* [TASK DESCRIPTION]:
Copy the lines from the start of the records below through the line containing "tinycock_1979 online show", both included, and leave out the pictures.

━━━━━ DATA TO EXAMINE

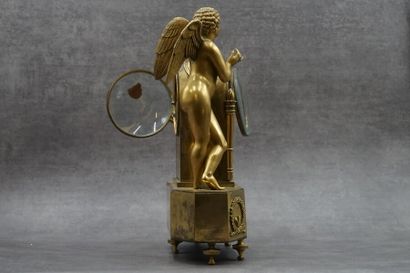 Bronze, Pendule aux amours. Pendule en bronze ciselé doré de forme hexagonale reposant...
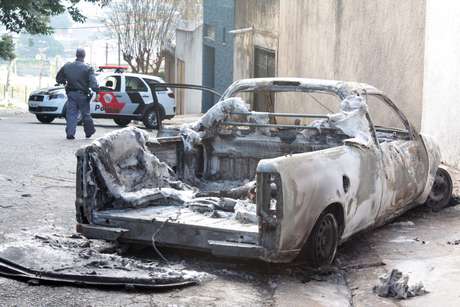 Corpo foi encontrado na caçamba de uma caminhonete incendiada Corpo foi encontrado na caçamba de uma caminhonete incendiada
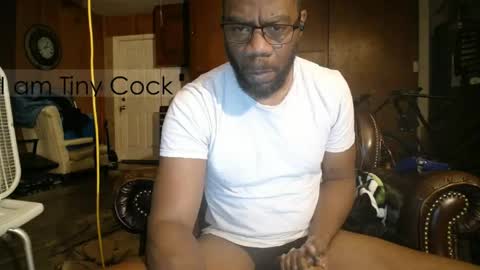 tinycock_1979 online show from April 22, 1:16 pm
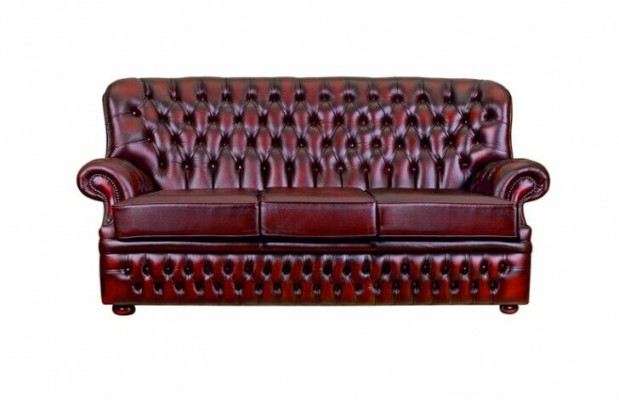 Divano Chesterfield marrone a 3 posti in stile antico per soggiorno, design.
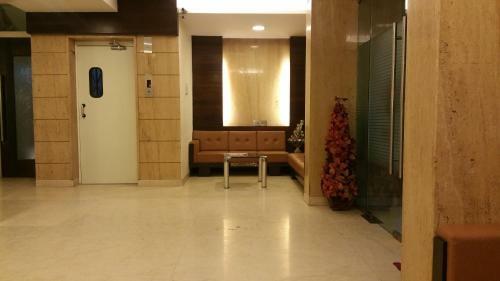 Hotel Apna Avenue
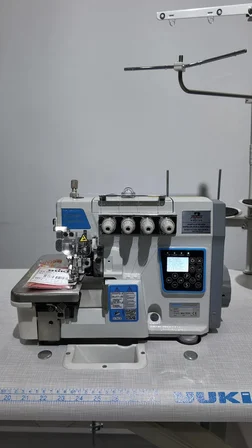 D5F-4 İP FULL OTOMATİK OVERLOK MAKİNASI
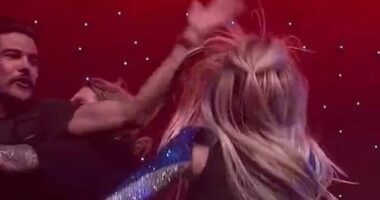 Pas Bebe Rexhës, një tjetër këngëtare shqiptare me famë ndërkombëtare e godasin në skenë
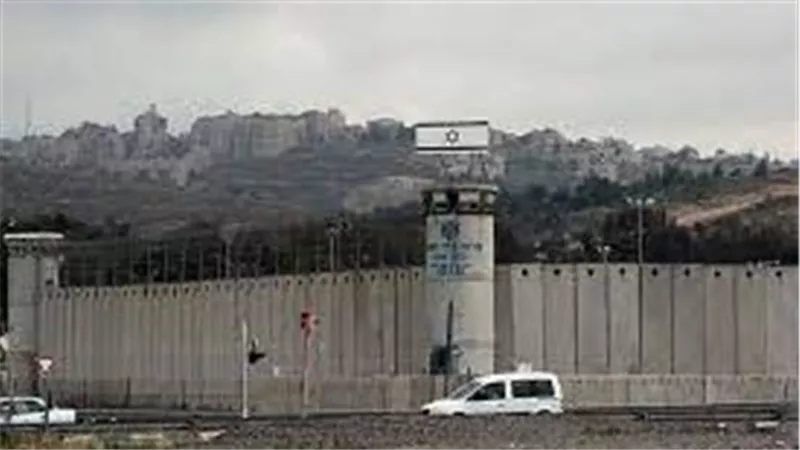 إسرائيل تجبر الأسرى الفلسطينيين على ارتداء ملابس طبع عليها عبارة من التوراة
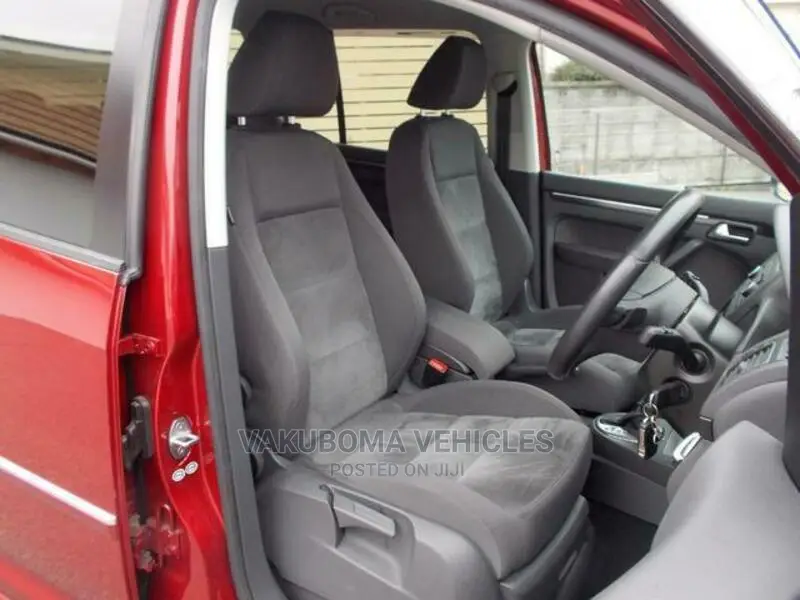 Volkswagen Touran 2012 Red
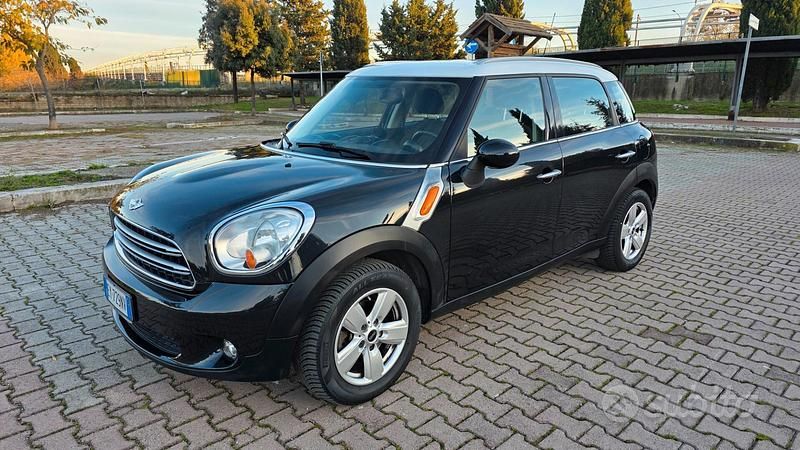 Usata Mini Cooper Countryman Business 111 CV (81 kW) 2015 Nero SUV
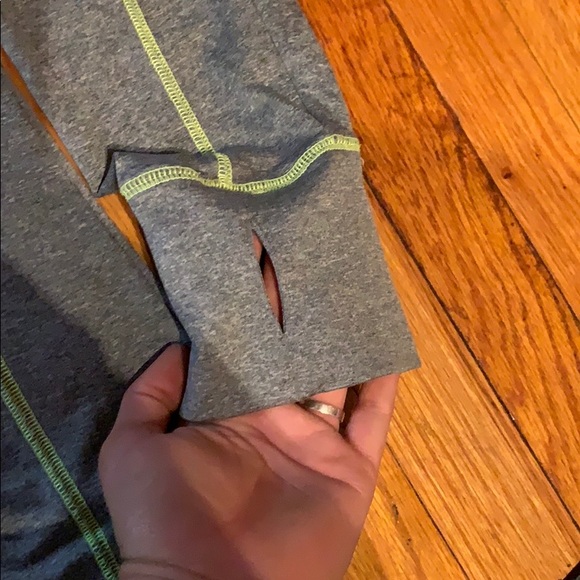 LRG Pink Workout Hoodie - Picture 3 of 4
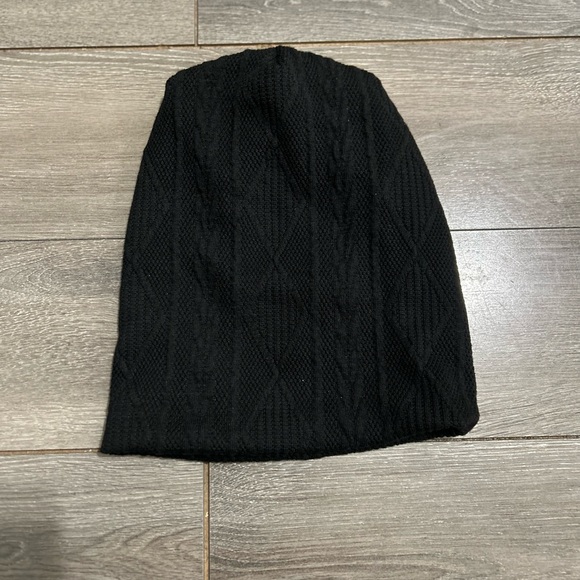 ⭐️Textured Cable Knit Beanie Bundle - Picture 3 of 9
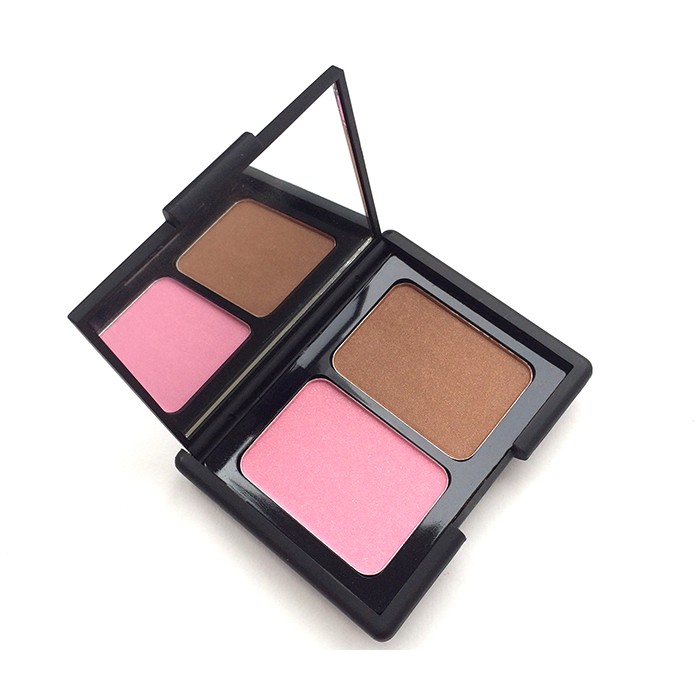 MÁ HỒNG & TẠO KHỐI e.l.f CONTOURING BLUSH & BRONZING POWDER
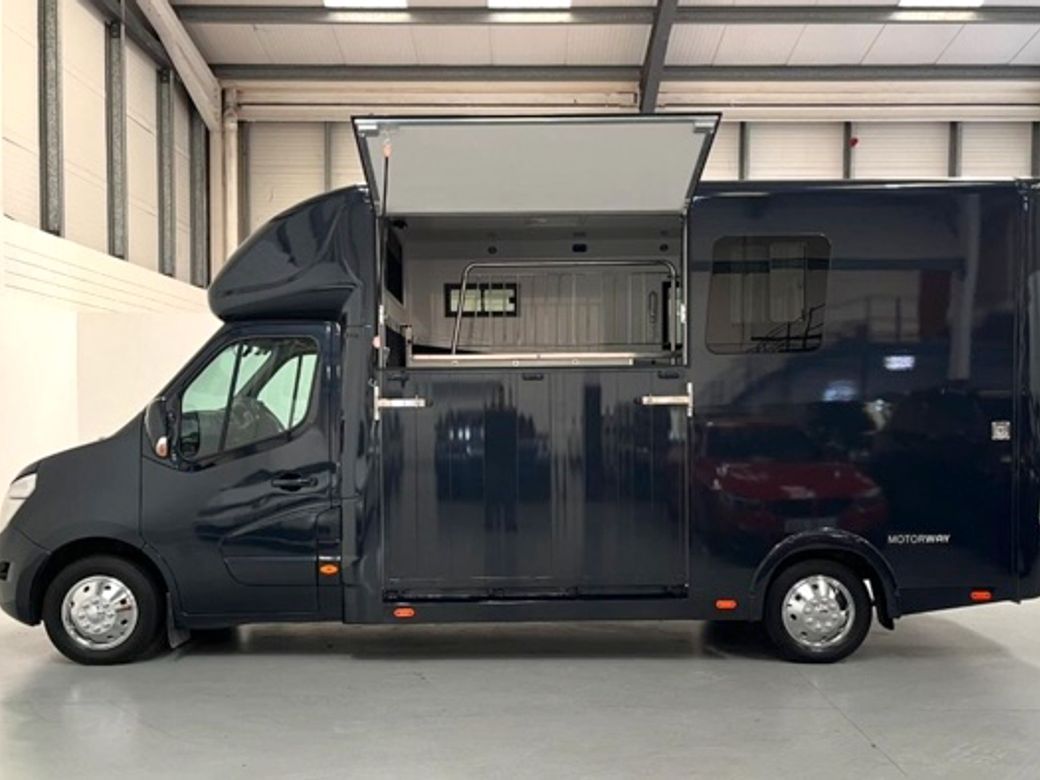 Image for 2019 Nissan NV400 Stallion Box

━━━━━━━━━━

* [FINISHED TASK]:
 Bronze, Pendule aux amours. Pendule en bronze ciselé doré de forme hexagonale reposant...
 Corpo foi encontrado na caçamba de uma caminhonete incendiada Corpo foi encontrado na caçamba de uma caminhonete incendiada
 tinycock_1979 online show from April 22, 1:16 pm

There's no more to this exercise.